The decision to pursue permanent residency in the United States is an individual decision. However, because there are legally mandated deadlines for applying, the university will encourage faculty members to evaluate their options soon after they begin employment with the university.
3. Procedures for requesting assistance with permanent residency
Again, the decision to apply for permanent residency is entirely an individual decision by each foreign employee. The initiation of the permanent residency process is the responsibility of the foreign employee. However, due to a constantly changing immigration system, strict procedural and eligibility requirements, and the legal complexities associated with immigration, the university recognizes a mutual value in assisting foreign employees through this process. Therefore, the university will provide assistance to foreign employees in certain situations.
a. Once the university receives an approved H-1B Petition, a foreign employee hired through a national search may request in writing to the Office of General Counsel that the university provide legal assistance in helping him or her obtain permanent residency. Due to strict time restrictions regarding the initial search for the position, the foreign employee must submit his or her request for legal assistance within thirty (30) calendar days of being notified of his or her H-1B approval. For faculty members, because the labor certification must be filed within eighteen (18) months of the selection date, it is critical that the process be initiated soon after the commencement of employment with the university.
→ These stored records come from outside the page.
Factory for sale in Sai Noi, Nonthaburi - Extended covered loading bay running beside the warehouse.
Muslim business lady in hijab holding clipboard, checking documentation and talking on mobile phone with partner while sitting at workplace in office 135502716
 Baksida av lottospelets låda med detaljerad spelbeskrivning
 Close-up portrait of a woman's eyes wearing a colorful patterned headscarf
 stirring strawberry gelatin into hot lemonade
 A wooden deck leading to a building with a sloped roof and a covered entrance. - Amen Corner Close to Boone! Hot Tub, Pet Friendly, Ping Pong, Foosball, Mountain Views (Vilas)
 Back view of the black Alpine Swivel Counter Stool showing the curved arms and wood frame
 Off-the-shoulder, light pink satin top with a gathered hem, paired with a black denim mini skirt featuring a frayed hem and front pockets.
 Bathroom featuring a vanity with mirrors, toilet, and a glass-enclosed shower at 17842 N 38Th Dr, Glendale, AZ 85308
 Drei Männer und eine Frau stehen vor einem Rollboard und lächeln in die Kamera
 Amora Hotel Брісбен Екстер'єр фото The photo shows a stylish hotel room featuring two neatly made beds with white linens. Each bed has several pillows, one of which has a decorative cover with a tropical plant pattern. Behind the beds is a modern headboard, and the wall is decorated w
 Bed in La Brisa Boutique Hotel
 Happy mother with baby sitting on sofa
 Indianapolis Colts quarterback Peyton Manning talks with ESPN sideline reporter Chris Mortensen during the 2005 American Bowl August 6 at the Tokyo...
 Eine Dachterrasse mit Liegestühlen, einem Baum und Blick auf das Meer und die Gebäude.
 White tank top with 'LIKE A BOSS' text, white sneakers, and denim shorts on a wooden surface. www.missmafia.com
b. If approved, the university will provide legal assistance as well as any necessary internal support for the foreign employee's permanent residency petition. The Office of the General Councel shall provide an approval letter which lists the scope and limitations of the assistance to be provided.
c. A disapproved request for legal assistance may be appealed to the president of the university within ten (10) working days. There is no appeal beyond this level.
d. Legal assistance will normally take the form of hiring an outside attorney, approved by the general counsel, to process the permanent residency paperwork on behalf of the foreign employee. However, the general counsel may opt to use in-house or alternative resources at his or her discretion. General counsel will communicate directly with outside legal counsel and no decisions regarding the employee's permanent residence application shall be made without the approval of UCM's general counsel.
e. As a condition of the university bearing costs for I-140 Immigration Petitions for Worker and/or I-485 Application to Adjust Status to Permanent Residence the foreign employee shall sign a service agreement indicating he or she will be responsible for reimbursing the university for the aforementioned costs if he or she leaves the university prior to a time specified in the service agreement.
f. Any and all legal fees, filing fees or related expenses for family member(s) will not be paid for by the university; in addition legal costs incurred for personal reasons not required for obtaining permanent residence (i.e. advance parole travel documentation) will not be paid for by the university. The foreign employee shall be responsible for additional costs (such as the required medical exam, photos and credential evaluations, if required).
4. Other avenues of permanent residency
In addition to the labor certification, foreign employees may be eligible to seek permanent residency through marriage to a US citizen or through other qualifying family relationships. Foreign nationals may also seek permanent residency on the basis of employment in the US through venues other than labor certification (including outstanding professors or researchers, extraordinary ability, or national interest petitions). The university encourages individuals who think they may qualify for permanent residency on some basis other than labor certification to discuss their options with an immigration attorney. Whether the university will provide support for a particular foreign employee will be decided on a case-by-case basis.